Gay couple’s Skype wedding annulled in DC court


Well, it was super romantic and sweet while it lasted.

A gay couple who circumvented a Texas gay marriage ban by marrying in the state via a Washington DC officiant and the web-based video calling service Skype has had their marriage annulled by a court in the District. While gay marriage is legal in DC, the couple, Mark and Dante Walkup, received a letter from the officiant informing them that theirs was not because they were not physically present in Washington DC at the time of the wedding.

The letter, posted in full on a Dallas news blog, informs the couple they will have to re-marry in DC if they wish to- well, be married. But the Walkups say they asked about that very stipulation when they filed for their marriage license in May, and were told that only the officiant of the ceremony need be in DC to perform the rites.

“In good faith, we planned our wedding accordingly because we thought we were talking to the experts,” Mark says. He said he was additionally miffed by the lack of any notice from the court that their license was under review in the first place. Neither the couple nor the officiant were contacted by officials seeking information about the circumstances or geographical whereabouts of their marriage.

Both Mark and an expert on “e-marriage” law told the blog that the most likely scenario involved court action based on a complaint, which is said to be unusual:

“It was based on homophobia or politics or both,” Reed-Walkup says. It’s unknown at this point who initially took issue with the Walkups’ marriage and complained to the court. A law professor who specializes in “e-marriage” tells Unfair Park that “there’s simply no reason for the court to do something like this.”

“[Courts] don’t flyspeck other people’s marriages,” says Professor Mae Kuykendall at the Michigan State University College of Law.

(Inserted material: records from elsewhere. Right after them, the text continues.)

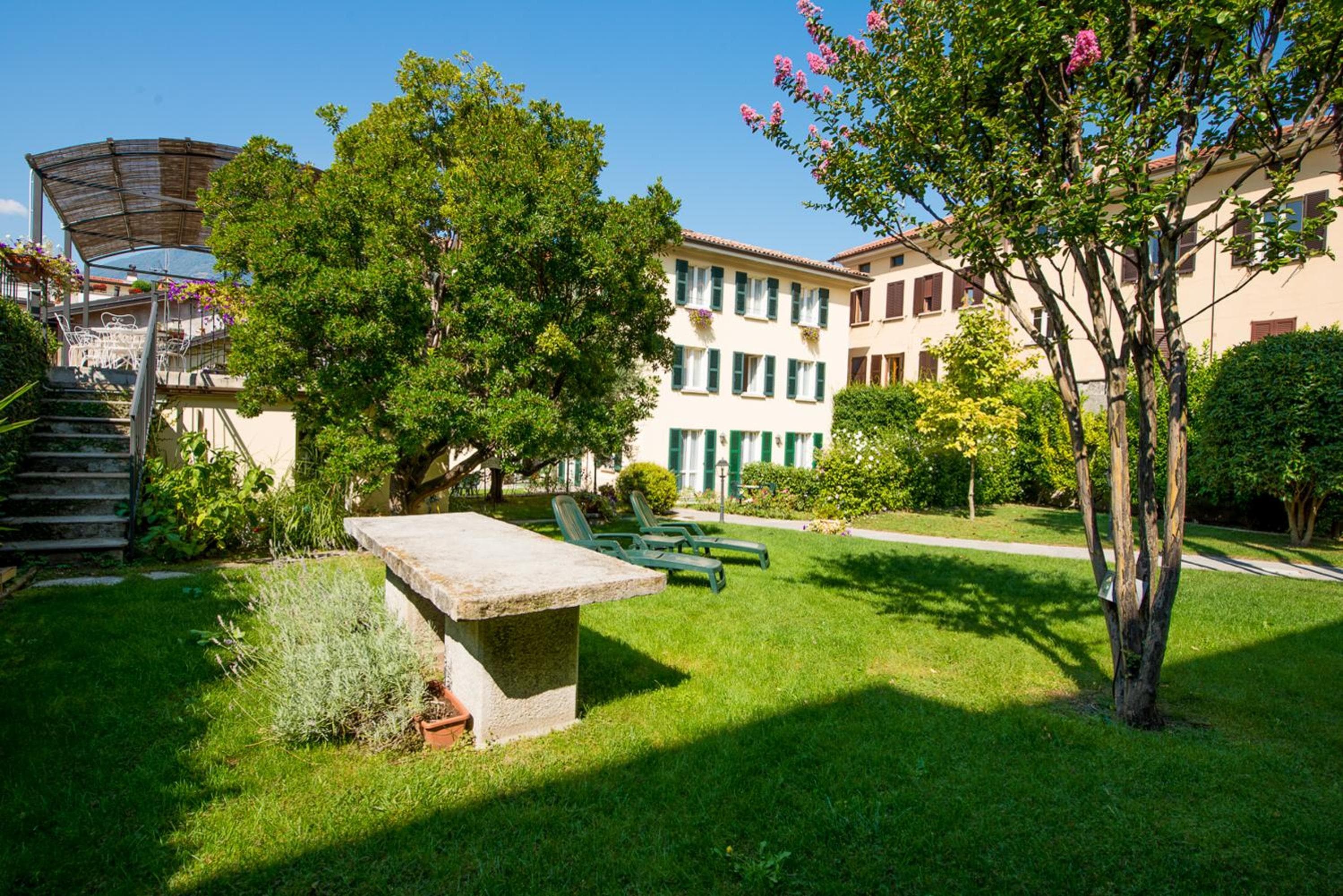 Residence la Limonera, Bellagio, photo 2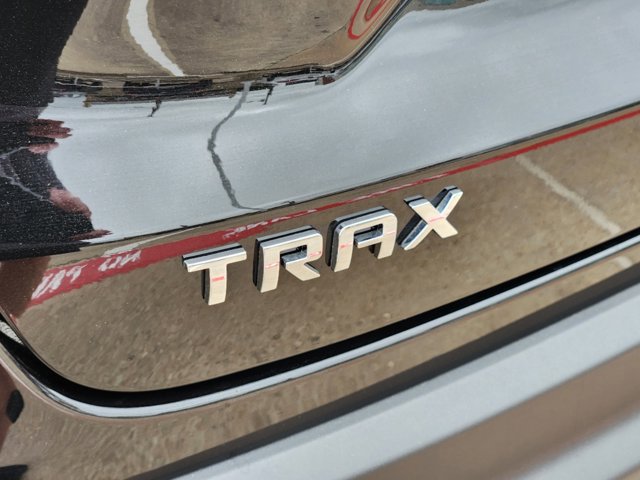 2024 Chevrolet Trax LT 7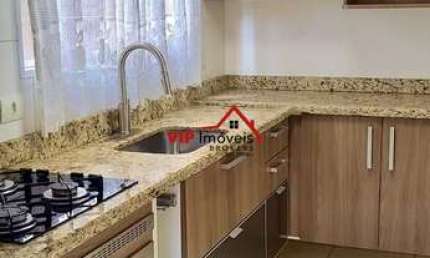 Excelente casa no Condomínio Villagio Colônia com 3 dormitórios sendo 1 suíte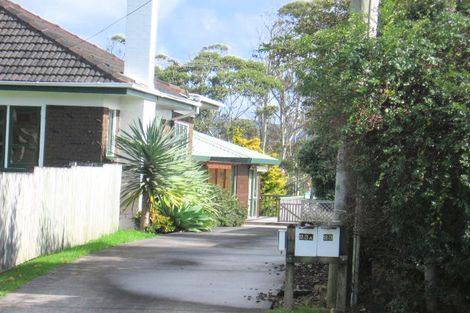 Photo of property in 23a Captain Scott Road, Glen Eden, Auckland, 0602
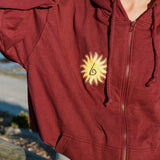 Flirt With Me Hoodie - 7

Furthermore, Kuykendall says, the fact that a non-party to the marriage apparently acted to have it annulled is even stranger. (And sadder- who sits in their house thinking, “those two dudes are happily married now and this cannot stand!”)

Usually, this is the kind of thing seen in divorce proceedings, or perhaps when heirs want to try and retroactively prove a marriage was invalid, Kuykendall says. But for an uninvolved third party to rule against a marriage in this way? Kuykendall says “it may not be the best reasoned bureaucratic action that’s ever taken place.”

The couple say they’re likely to travel to DC to get married, and are looking into their legal options regarding the action.